[PATCH v2 00/10] crypto: sun8i-ce - implement request batching

Ovidiu Panait posted 10 patches 3 months, 2 weeks ago
.../allwinner/sun8i-ce/sun8i-ce-cipher.c      |  90 +++++------
.../crypto/allwinner/sun8i-ce/sun8i-ce-core.c | 152 ++++++++++++++----
.../crypto/allwinner/sun8i-ce/sun8i-ce-hash.c | 140 +++++++++-------
.../crypto/allwinner/sun8i-ce/sun8i-ce-prng.c |   1 -
.../crypto/allwinner/sun8i-ce/sun8i-ce-trng.c |   1 -
drivers/crypto/allwinner/sun8i-ce/sun8i-ce.h  |  84 +++++++++-
6 files changed, 327 insertions(+), 141 deletions(-)
[PATCH v2 00/10] crypto: sun8i-ce - implement request batching
Posted by Ovidiu Panait 3 months, 2 weeks ago
The Allwinner crypto engine can process multiple requests at a time,
if they are chained together using the task descriptor's 'next' field.
Having multiple requests processed in one go can reduce the number
of interrupts generated and also improve throughput.

When compared to the existing non-batching implementation, the tcrypt
multibuffer benchmark shows an increase in throughput of ~85% for 16 byte
AES blocks (when testing with 8 data streams on the OrangePi Zero2 board).

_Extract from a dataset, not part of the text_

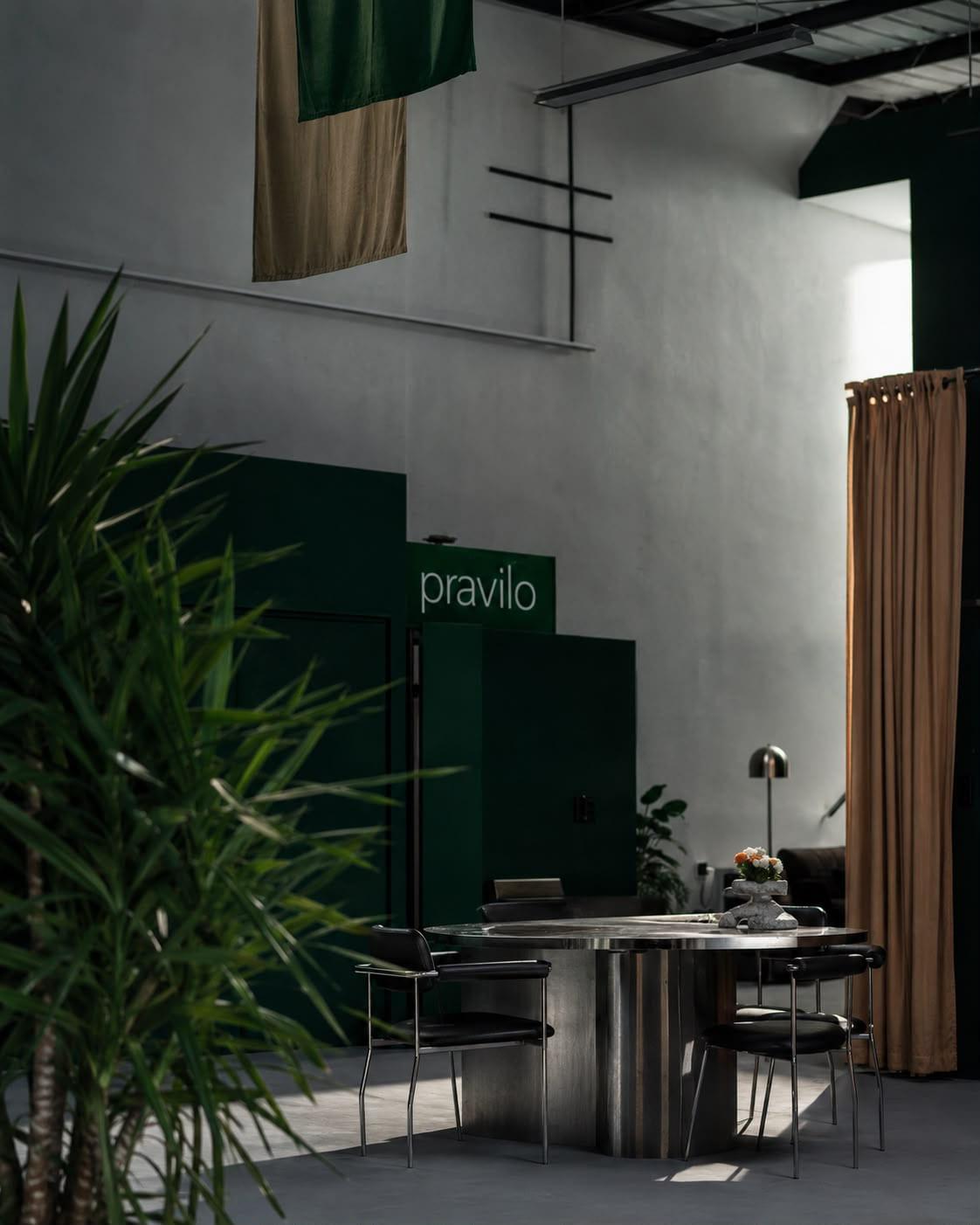 A round steel table set with flowers beneath the Pravilo sign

Patches 1-9 perform refactoring work on the existing do_one_request()
callbacks, to make them more modular and easier to integrate with the
request batching workflow.

Patch 10 implements the actual request batching.

Changes in v2:
   - fixed [-Wformat-truncation=] warning reported by kernel test robot


Ovidiu Panait (10):
  crypto: sun8i-ce - remove channel timeout field
  crypto: sun8i-ce - remove boilerplate in sun8i_ce_hash_digest()
  crypto: sun8i-ce - move bounce_iv and backup_iv to request context
  crypto: sun8i-ce - save hash buffers and dma info to request context
  crytpo: sun8i-ce - factor out prepare/unprepare code from ahash
    do_one_request
  crypto: sun8i-ce - fold sun8i_ce_cipher_run() into
    sun8i_ce_cipher_do_one()
  crypto: sun8i-ce - pass task descriptor to cipher prepare/unprepare
  crypto: sun8i-ce - factor out public versions of finalize request
  crypto: sun8i-ce - add a new function for dumping task descriptors
  crypto: sun8i-ce - implement request batching

 .../allwinner/sun8i-ce/sun8i-ce-cipher.c      |  90 +++++------
 .../crypto/allwinner/sun8i-ce/sun8i-ce-core.c | 152 ++++++++++++++----
 .../crypto/allwinner/sun8i-ce/sun8i-ce-hash.c | 140 +++++++++-------
 .../crypto/allwinner/sun8i-ce/sun8i-ce-prng.c |   1 -
 .../crypto/allwinner/sun8i-ce/sun8i-ce-trng.c |   1 -
 drivers/crypto/allwinner/sun8i-ce/sun8i-ce.h  |  84 +++++++++-
 6 files changed, 327 insertions(+), 141 deletions(-)

-- 
2.49.0
Re: [PATCH v2 00/10] crypto: sun8i-ce - implement request batching
Posted by Herbert Xu 3 months ago
On Thu, Jun 26, 2025 at 12:58:03PM +0300, Ovidiu Panait wrote:
> The Allwinner crypto engine can process multiple requests at a time,
> if they are chained together using the task descriptor's 'next' field.
> Having multiple requests processed in one go can reduce the number
> of interrupts generated and also improve throughput.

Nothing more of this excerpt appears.